We see only one version of those events, although we see it from two different perspectives; there are quite a few other versions of them. As noted, in the original history there was no bomb, no explosion; in the history we see (twice), John arrives to disarm the bomb, gets in a firefight with Bomber, prevents the bomb from doing its intended damage but suffers the injuries from being caught in its incendiary blast. We ask ourselves how John knew there was a bomb there, and there is really only one possible answer: there was a history of the world in which the bomb exploded, killing some unreported number of people. In that sense, John is not preventing a bombing but rather undoing one. This is perhaps the inherent problem with police time travel stories: if the crime did not happen, it cannot be prevented, and if it did happen and you prevent it, it did not happen. Barring some application of the misunderstanding of Niven’s Law, temporal police agencies fail.
There is, though, another problem. There is probably a twenty to thirty year age difference between John and Bomber. We know that John was two weeks old in 1945 and was removed from time in 1970, making him twenty-five years old. We know that he had an illustrious career. It is not clear when the mission to prevent the bombing occurred. On the one hand it seems as if it was the first mission on which he was sent, while on the other hand it seems that after the reconstructive surgery which followed it there was much talk about how many trips he had already made and that he was about to launch his final mission.

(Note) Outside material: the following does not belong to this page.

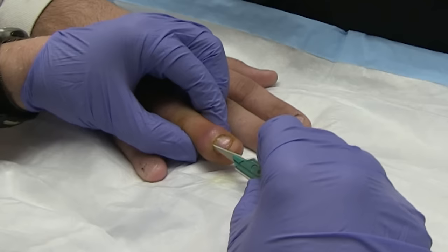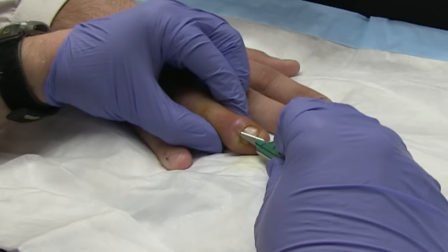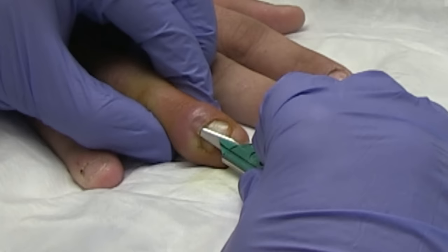So what we're going to do is we're just going to slide this number 11 blade right along the top of the finger here, and we may have to go in more than once, but we're just going to go along the top here and see if we can get any pus to come out. Oh, see that pus coming out of there?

Yet the last time we see Barkeep he was certain he would never become Bomber, and Bomber had a significant career, probably spanning quite a few years itself. The minimum gap we could imagine is about five years, and twenty is considerably more plausible. Let us settle for ten, for the sake of discussion.
Bomber sets the bomb in 1970, and it destroys whatever was targeted. No one arrives to stop it. Then at some point John is detailed to attempt to prevent this bombing, and he arrives. There is no reason to suppose that Bomber waited for him, and therefore John will successfully disarm the bomb. The Bomber who planted this bomb did not know John would do this, because he never was that version of John. It will take this John ten years to become that Bomber–then that Bomber will know that that John defused that bomb, and will stay to prevent that. He will get in a gun battle with John, and flee just before the bomb detonates, giving John sufficient time to remove it from the target but insufficient to contain it. John is caught in the blast, and badly burned. He finds his violin case, and returns to headquarters.

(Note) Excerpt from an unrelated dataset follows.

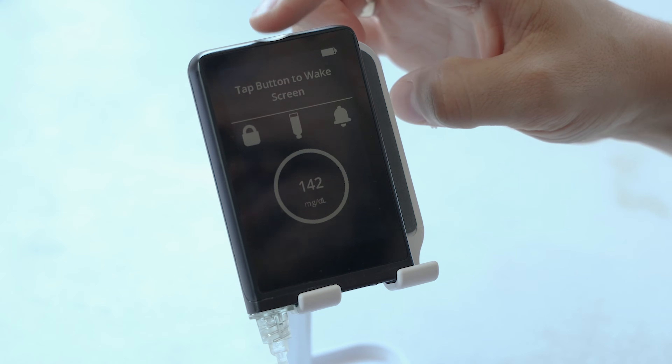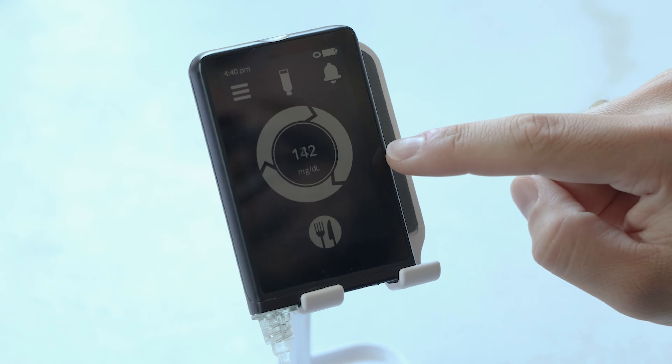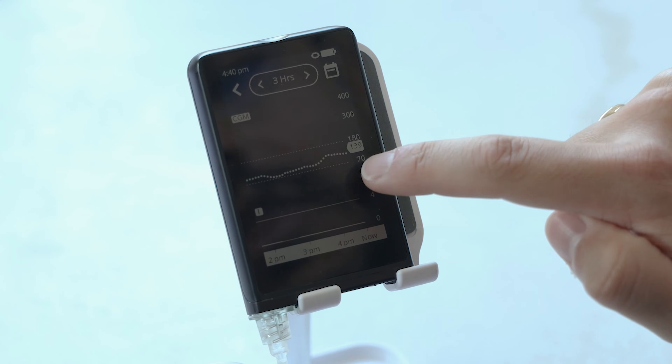I've got the ILET Beta Bionics pump right here, and I'm going to walk you through how to use it. In order to unlock it, you just hold down on the top, then there's an unlock swipe. It's unlocked. This is the home screen in the center. You've got your blood sugar level, and if I tap in there, I can see the chart — you can see the three hours.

Note that Barkeep is not there. Barkeep has no reason to be there–in his memory, he removed the bomb and contained it, and there was no sign of Barkeep. It will be a couple of years before the version of John who remembers being caught in the blast becomes Barkeep, and makes the trip to attempt to catch Bomber at the scene. That is also when Barkeep gives the violin case to John, changing another detail–but it must be a token gesture, because John must have reached it on his own in order for Barkeep to be there at all. That means that that Barkeep will now become the future Bomber, who will also remember that Barkeep was there.
Note that this is unlike Next, in which Cadillac’s knowledge enabled him to dodge bullets and blows and evade pursuit: Bomber does not know what will happen, only what happened when he was that age, and as he changes his actions in response to his memory, his younger selves change what they do to counter the new actions.
It is remarkable that he does not get caught–but perhaps he does, because in the next iteration of history he would know what he did wrong and be able to avoid making that mistake again. On the other hand, doing it right erases the knowledge of what happened when he did it wrong, so ultimately it has to stabilize into one version of events that are good enough, the version we see.